REQUIREMENT: Repeat the entire listing exactly as written.

────────────────────

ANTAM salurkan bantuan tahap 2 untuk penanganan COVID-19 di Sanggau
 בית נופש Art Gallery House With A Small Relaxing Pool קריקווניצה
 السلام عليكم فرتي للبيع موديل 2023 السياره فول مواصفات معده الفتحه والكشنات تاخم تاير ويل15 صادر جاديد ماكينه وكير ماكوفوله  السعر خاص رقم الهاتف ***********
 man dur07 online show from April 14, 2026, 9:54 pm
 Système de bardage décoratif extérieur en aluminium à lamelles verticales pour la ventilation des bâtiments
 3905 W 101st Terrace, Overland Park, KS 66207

────────────────────

ANSWER BOX:
ANTAM salurkan bantuan tahap 2 untuk penanganan COVID-19 di Sanggau
 בית נופש Art Gallery House With A Small Relaxing Pool קריקווניצה
 السلام عليكم فرتي للبيع موديل 2023 السياره فول مواصفات معده الفتحه والكشنات تاخم تاير ويل15 صادر جاديد ماكينه وكير ماكوفوله  السعر خاص رقم الهاتف ***********
 man dur07 online show from April 14, 2026, 9:54 pm
 Système de bardage décoratif extérieur en aluminium à lamelles verticales pour la ventilation des bâtiments
 3905 W 101st Terrace, Overland Park, KS 66207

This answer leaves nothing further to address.